# Geoenrichment Introspection Overview

Discovering what variables are available for geoenrichment is now possbile using the `arcgis.geoenrichment` module. Previously, this was only possible if using a Web GIS as the source. Now, you can use a local source, ArcGIS Pro with the Business Analyst extension and a local country data pack, in addition to a Web GIS, ArcGIS Enterprise with geoenrichment configured, or ArcGIS Online. This is the first step toward providing a single Python API for workign with the functionality offered by Business Analyst, whether working with ArcGIS Pro with Business Analyst and data for at least one country, or connected to a Web GIS with geoenrichment configured and enabled.

## Imports and Setup

In [1]:
import importlib
import os
from pathlib import Path
import sys

from arcgis.features import GeoAccessor
from arcgis.geoenrichment import get_countries, Country, enrich  # geoenrichment imports
from arcgis.gis import GIS
from dotenv import load_dotenv, find_dotenv
import pandas as pd

# import arcpy if available
if importlib.util.find_spec("arcpy") is not None:
    arcpy_avail = True
    import arcpy
else:
    arcpy_avail = False

In [2]:
# paths to common data locations - NOTE: to convert any path to a raw string, simply use str(path_instance)
dir_prj = Path.cwd().parent

dir_data = dir_prj/'data'

dir_raw = dir_data/'raw'
dir_int = dir_data/'interim'

gdb_int = dir_int/'interim.gdb'

# create the interim geodatabase if arcpy is available and it does not already exist
if arcpy_avail:
    if not arcpy.Exists(str(gdb_int)):
        arcpy.management.CreateFileGDB(str(gdb_int.parent), gdb_int.name)

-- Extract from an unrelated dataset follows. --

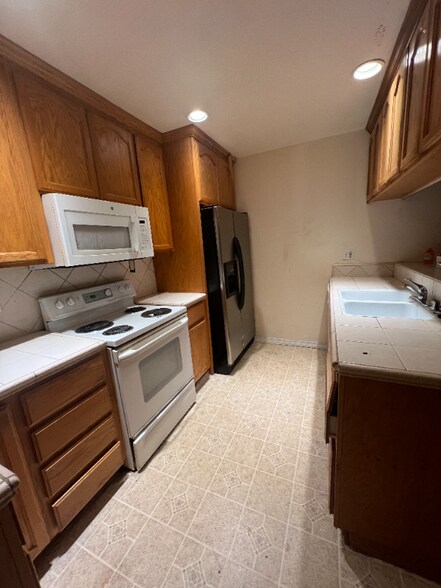 Building Photo - 5578 Spinnaker Dr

# load environment variables from .env
load_dotenv(find_dotenv())

# create a GIS object instance; if you did not enter any information here, it defaults to anonymous access to ArcGIS Online
gis = GIS(
    url=os.getenv('ESRI_GIS_URL'), 
    username=os.getenv('ESRI_GIS_USERNAME'),
    password=None if len(os.getenv('ESRI_GIS_PASSWORD')) is 0 else os.getenv('ESRI_GIS_PASSWORD')
)

assert isinstance(gis, GIS)

## Discover Available Countries

The first step is discovering which countries are available since most demographic data is organized by country. In the Python API 1.9.1 release the `as_df` parameter has been added to enable discovering available countries as a Pandas Dataframe for ease of discovery and filtering.

In [3]:
cntry_df = get_countries(as_df=True)  # using as_df parameter enables retrieving a dataframe

cntry_df

Unnamed: 0,iso2,iso3,country_name,datasets,default_dataset,alt_name,continent
0,AL,ALB,Albania,[ALB_MBR_2019],ALB_MBR_2019,ALBANIA,Europe
1,DZ,DZA,Algeria,[DZA_MBR_2019],DZA_MBR_2019,ALGERIA,Africa
2,AD,AND,Andorra,[AND_MBR_2019],AND_MBR_2019,ANDORRA,Europe
3,AO,AGO,Angola,[AGO_MBR_2019],AGO_MBR_2019,ANGOLA,Africa
4,AI,AIA,Anguilla,[AIA_MBR_2020],AIA_MBR_2020,ANGUILLA,North America
...,...,...,...,...,...,...,...
139,UZ,UZB,Uzbekistan,[UZB_MBR_2020],UZB_MBR_2020,UZBEKISTAN,Asia
140,VE,VEN,Venezuela,[VEN_MBR_2020],VEN_MBR_2020,"VENEZUELA, BOLIVARIAN REPUBLIC OF",South America
141,VN,VNM,Vietnam,[VNM_MBR_2020],VNM_MBR_2020,VIET NAM,Asia
142,VI,VIR,Virgin Islands,[VIR_MBR_2020],VIR_MBR_2020,UNITED STATES VIRGIN ISLANDS,North America


Take for example discovering if the United States, USA, is available.

In [4]:
cntry_df[cntry_df.iso3.str.contains('USA')]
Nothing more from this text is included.